Small implementation changes to the function calling mechanism. Right now, in case there is a “tool call” request from a model, we directly do the recursive call. What I suggest in the PR is actually building the final ChatResponse object first. Then, we can return it directly if there’s no tool call. If there is, we trigger the recursive call.

With this change, we can correctly handle the observation scopes, making sure each observation contains the correct request/response pair in the context.

We can also generalize a bit more the function calling logic. Working directly with a ChatResponse object, I managed to remove the need for making the abstract class generic, moving even more logic up and reducing the amount of code that is provider-specific.

One more thing I changed is wrapping only the call to OpenAI within RetryTemplate.

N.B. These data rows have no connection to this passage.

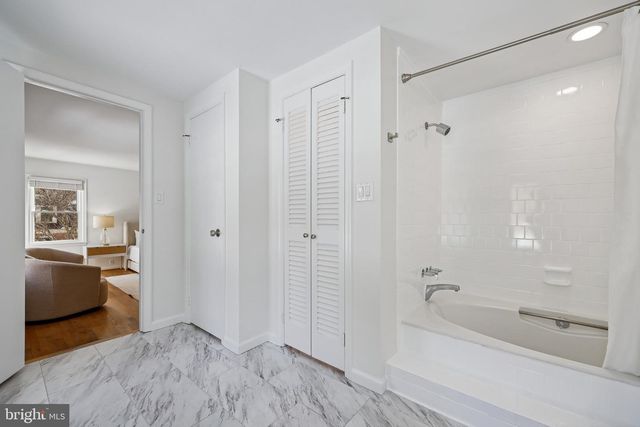 9625 REACH RD, Potomac, MD 20854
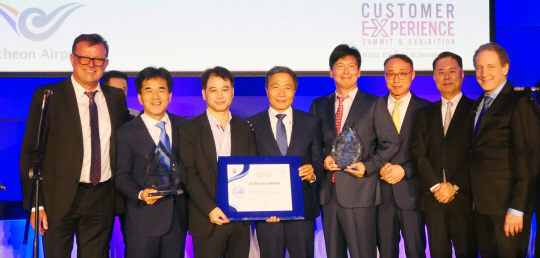 지난 25일 미국 애틀랜타 조지아 아쿠아리움에서 열린 ‘제6회 고객경험 글로벌 서밋(Customer Experience Global Summit)’에서 인천공항이 최고 단계인 전 세계 공항 최초로 고객경험 인증 5단계 인증상을 받고 있다. 왼쪽부터 루디 다니엘로(Rudy Daniello) 아마데우스(Amadeus)사 공항·항공사 운영부문 부사장, 권혁진 서울지방항공청장,  장기호 인천국제공항공사 노동조합위원장, 이학재 인천국제공항공사 사장, 장성환 인천국제공항공사 이사회 의장, 노성재 대한항공 인천여객서비스지점장, 김종민 인천공항출입국외국인청장, 저스틴 엘바치(Justin Erbacci) 국제공항협의회 세계본부(ACI World) 사무총장. 인천국제공항공사 제공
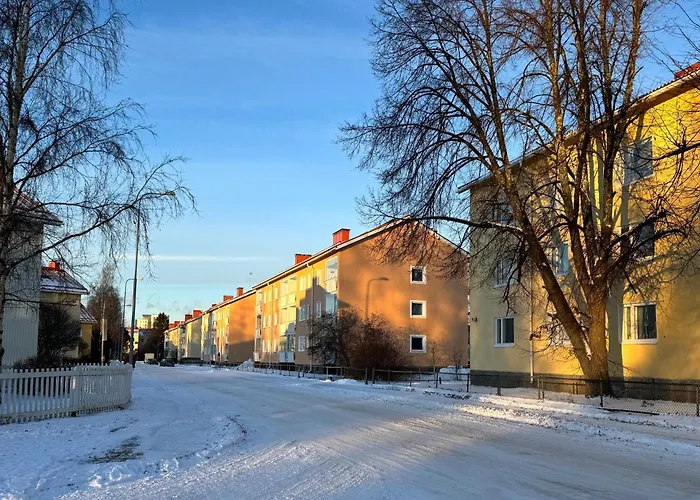 아파트 Kaunis Koti Idyllisellae Karjasillalla 오울루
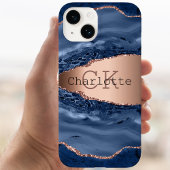 Coque iPhone 16 Marbre d'agate bleue rose or nom monogramme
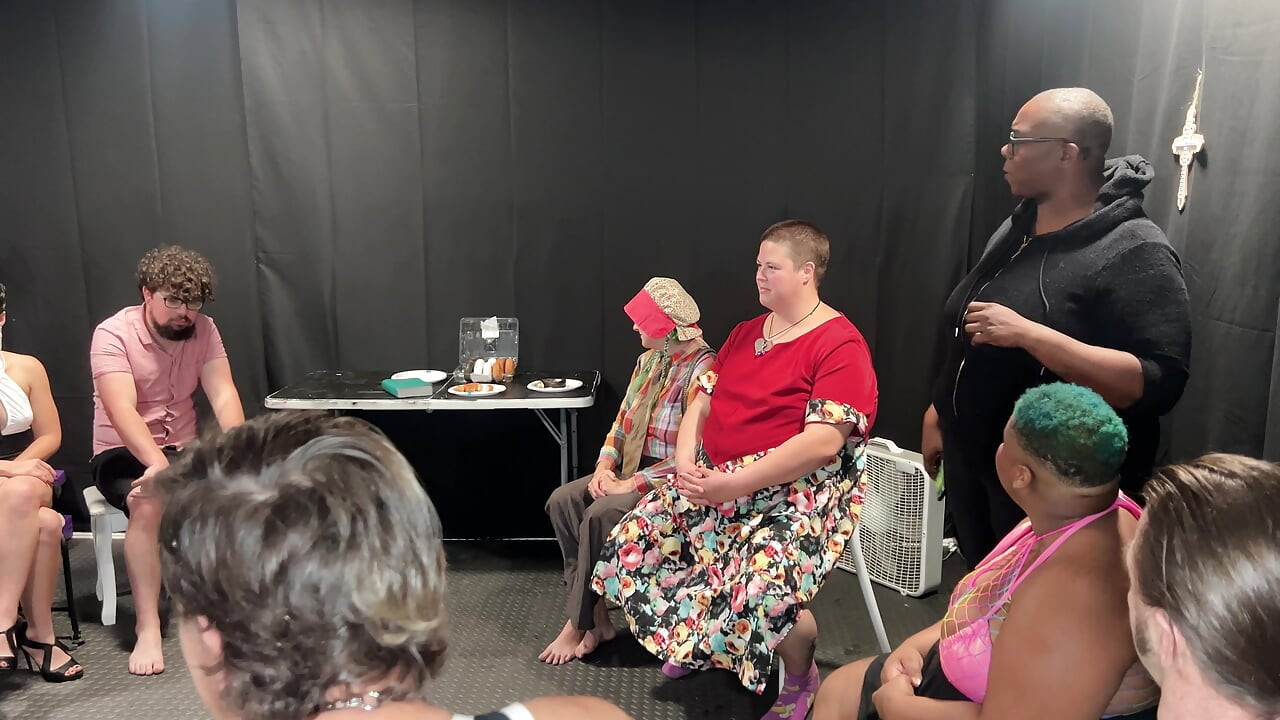 Sex Addicts Support Group se transformă într-o orgie - Cliff Media Productions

Right now, it wraps the entire implementation, catching many different exceptions not related to the HTTP call, and retrying even though it shouldn’t (impacting both runtime code but also tests). I would suggest progressively making this change for all implementations. Besides reaching a more predictable behaviour in terms of retries, it helps making the code more readable without unnecessary nesting, especially after delivering the observability changes (which would add one more nested level).

Comment From: tzolov

Thanks @ThomasVitale Streamline the Generation constructor implementation, rebase, squash and merge at: 40d8671f3e4ec12b26f37a017e706da3a16b7ab5

Comment From: tzolov

Now we have to repeat this exercise for the remaining Function Calling models :)

Comment From: ThomasVitale

@tzolov great, thank you! Tomorrow, I'll update the observability PR and work on extending this functional calling strategy to the other models.